Python中如何获取自定义标签的内容？

<txpdiv> 这种自定义的 html 标签，标签的 id 还是通过动态生成的，要怎么获取内容？
css selector 和 xpath 都涉及到该节点的 id，而 id 每次刷新都不一样
Python中如何获取自定义标签的内容？

import re
from html.parser import HTMLParser

# 方法1：使用正则表达式（适合简单场景）
def get_custom_tags_regex(html, tag_name):
    """
    使用正则表达式提取自定义标签内容
    注意：正则解析HTML有局限性，复杂HTML建议用HTMLParser
    """
    pattern = f'<{tag_name}>(.*?)</{tag_name}>'
    return re.findall(pattern, html, re.DOTALL)

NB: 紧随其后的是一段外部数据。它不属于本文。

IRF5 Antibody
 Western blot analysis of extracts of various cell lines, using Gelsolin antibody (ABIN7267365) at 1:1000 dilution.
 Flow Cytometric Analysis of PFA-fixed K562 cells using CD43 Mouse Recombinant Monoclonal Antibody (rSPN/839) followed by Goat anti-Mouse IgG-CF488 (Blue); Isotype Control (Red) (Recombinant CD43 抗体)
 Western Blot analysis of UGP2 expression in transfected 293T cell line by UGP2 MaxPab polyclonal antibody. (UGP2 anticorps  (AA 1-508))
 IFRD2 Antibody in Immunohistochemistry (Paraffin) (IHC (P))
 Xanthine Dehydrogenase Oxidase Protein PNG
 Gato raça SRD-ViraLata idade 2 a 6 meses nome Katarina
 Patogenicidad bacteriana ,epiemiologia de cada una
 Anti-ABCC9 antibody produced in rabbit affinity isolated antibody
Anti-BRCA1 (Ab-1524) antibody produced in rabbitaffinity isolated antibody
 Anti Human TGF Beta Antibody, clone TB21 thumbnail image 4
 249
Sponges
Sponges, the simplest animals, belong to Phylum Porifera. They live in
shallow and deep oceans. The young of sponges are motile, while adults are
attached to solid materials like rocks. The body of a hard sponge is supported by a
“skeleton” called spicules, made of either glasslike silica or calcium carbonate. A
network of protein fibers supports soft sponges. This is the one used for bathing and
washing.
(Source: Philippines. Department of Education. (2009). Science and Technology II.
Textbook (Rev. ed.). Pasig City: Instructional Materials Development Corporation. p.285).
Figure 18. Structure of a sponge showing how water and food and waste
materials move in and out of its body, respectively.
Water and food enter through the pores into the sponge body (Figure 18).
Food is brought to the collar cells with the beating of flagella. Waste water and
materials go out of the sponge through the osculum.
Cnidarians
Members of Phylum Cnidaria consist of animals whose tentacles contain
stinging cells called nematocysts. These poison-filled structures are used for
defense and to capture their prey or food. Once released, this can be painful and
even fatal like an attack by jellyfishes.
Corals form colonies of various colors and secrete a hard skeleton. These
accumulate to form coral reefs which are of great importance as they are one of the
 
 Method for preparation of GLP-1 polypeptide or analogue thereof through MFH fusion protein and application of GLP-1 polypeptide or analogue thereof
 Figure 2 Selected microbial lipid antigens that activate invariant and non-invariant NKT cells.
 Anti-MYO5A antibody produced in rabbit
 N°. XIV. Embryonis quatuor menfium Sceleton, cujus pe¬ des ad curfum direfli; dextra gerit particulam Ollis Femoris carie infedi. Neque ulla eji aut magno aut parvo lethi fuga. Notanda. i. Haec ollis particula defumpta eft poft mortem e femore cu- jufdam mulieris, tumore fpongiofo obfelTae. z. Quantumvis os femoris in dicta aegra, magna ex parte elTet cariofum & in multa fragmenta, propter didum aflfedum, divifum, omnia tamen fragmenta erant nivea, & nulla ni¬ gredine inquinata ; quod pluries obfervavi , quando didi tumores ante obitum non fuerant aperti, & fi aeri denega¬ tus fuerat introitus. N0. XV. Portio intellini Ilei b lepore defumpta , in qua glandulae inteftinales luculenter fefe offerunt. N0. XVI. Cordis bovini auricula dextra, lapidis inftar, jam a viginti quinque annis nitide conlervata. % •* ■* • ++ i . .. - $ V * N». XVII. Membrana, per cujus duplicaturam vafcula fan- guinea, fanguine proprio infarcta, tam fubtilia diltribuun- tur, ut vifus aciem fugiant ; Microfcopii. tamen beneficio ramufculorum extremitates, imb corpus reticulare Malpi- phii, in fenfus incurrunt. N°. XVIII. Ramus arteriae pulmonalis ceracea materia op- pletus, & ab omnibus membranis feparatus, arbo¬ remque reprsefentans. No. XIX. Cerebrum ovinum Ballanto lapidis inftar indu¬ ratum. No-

# 方法2：使用HTMLParser（标准库，更健壮）
class CustomTagParser(HTMLParser):
    def __init__(self, target_tag):
        super().__init__()
        self.target_tag = target_tag
        self.in_target_tag = False
        self.current_data = []
        self.results = []
    
    def handle_starttag(self, tag, attrs):
        if tag == self.target_tag:
            self.in_target_tag = True
    
    def handle_endtag(self, tag):
        if tag == self.target_tag:
            self.in_target_tag = False
            if self.current_data:
                self.results.append(''.join(self.current_data))
                self.current_data = []
    
    def handle_data(self, data):
        if self.in_target_tag:
            self.current_data.append(data)
    
    def get_results(self):
        return self.results

def get_custom_tags_htmlparser(html, tag_name):
    """使用HTMLParser提取自定义标签内容"""
    parser = CustomTagParser(tag_name)
    parser.feed(html)
    return parser.get_results()

# 方法3：使用BeautifulSoup（第三方库，最方便）
try:
    from bs4 import BeautifulSoup
    
    def get_custom_tags_bs4(html, tag_name):
        """使用BeautifulSoup提取自定义标签内容（需要安装beautifulsoup4）"""
        soup = BeautifulSoup(html, 'html.parser')
        tags = soup.find_all(tag_name)
        return [tag.get_text(strip=False) for tag in tags]
        
except ImportError:
    get_custom_tags_bs4 = None

# 示例用法
if __name__ == "__main__":
    # 测试HTML
    html_content = """
    <html>
        <body>
            <custom>这是第一个自定义标签的内容</custom>
            <div>普通div</div>
            <custom>这是第二个<br/>自定义标签的内容</custom>
            <custom><span>嵌套内容</span></custom>
        </body>
    </html>
    """
    
    tag_name = "custom"
    
    print("=== 方法1：正则表达式 ===")
    results1 = get_custom_tags_regex(html_content, tag_name)
    for i, content in enumerate(results1, 1):
        print(f"标签{i}: {content}")
    
    print("\n=== 方法2：HTMLParser ===")
    results2 = get_custom_tags_htmlparser(html_content, tag_name)
    for i, content in enumerate(results2, 1):
        print(f"标签{i}: {content}")
    
    if get_custom_tags_bs4:
        print("\n=== 方法3：BeautifulSoup ===")
        results3 = get_custom_tags_bs4(html_content, tag_name)
        for i, content in enumerate(results3, 1):
            print(f"标签{i}: {content}")

三种方法对比：

正则表达式：简单快速，但处理复杂HTML（如嵌套标签、属性）容易出错
HTMLParser：Python标准库，健壮性好，能处理复杂情况
BeautifulSoup：需要安装第三方库，但API最友好，功能最强大

建议： 简单需求用正则，标准项目用HTMLParser，复杂解析用BeautifulSoup。